From the entries that follow, copy exactly the lines beginning at the line holding "Your Relaxing Home" and continuing through the line holding "Patung Gandrung Watu".
____ SUPPLIED RECORDS
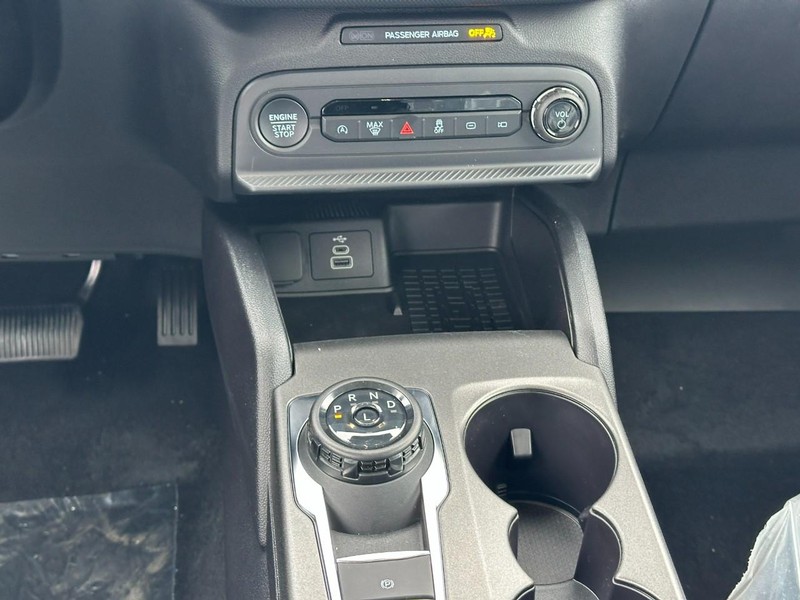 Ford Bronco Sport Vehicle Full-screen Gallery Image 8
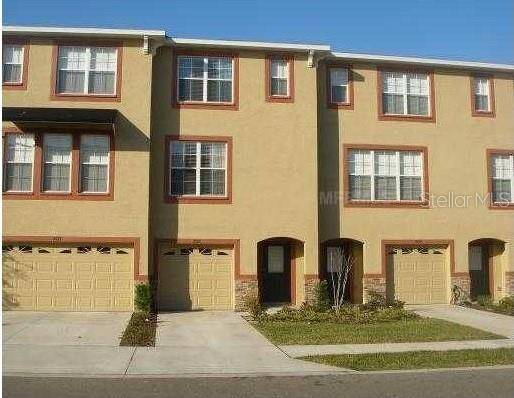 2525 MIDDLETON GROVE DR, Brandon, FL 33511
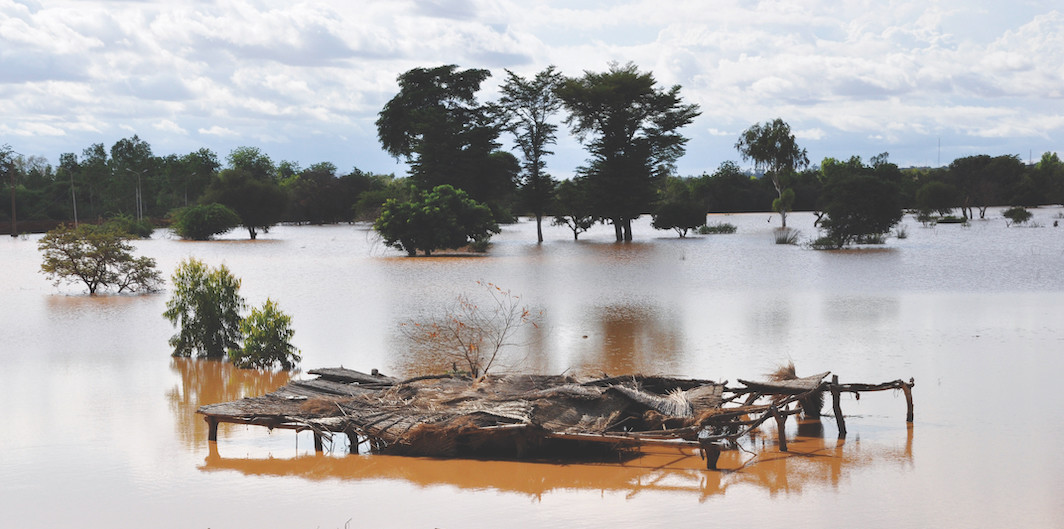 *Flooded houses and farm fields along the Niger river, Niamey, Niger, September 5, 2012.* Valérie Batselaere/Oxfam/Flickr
________
____ SUPPLIED RECORDS
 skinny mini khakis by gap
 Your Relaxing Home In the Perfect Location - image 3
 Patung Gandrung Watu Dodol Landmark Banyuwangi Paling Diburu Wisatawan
________
RESPONSE:
 Your Relaxing Home In the Perfect Location - image 3
 Patung Gandrung Watu Dodol Landmark Banyuwangi Paling Diburu Wisatawan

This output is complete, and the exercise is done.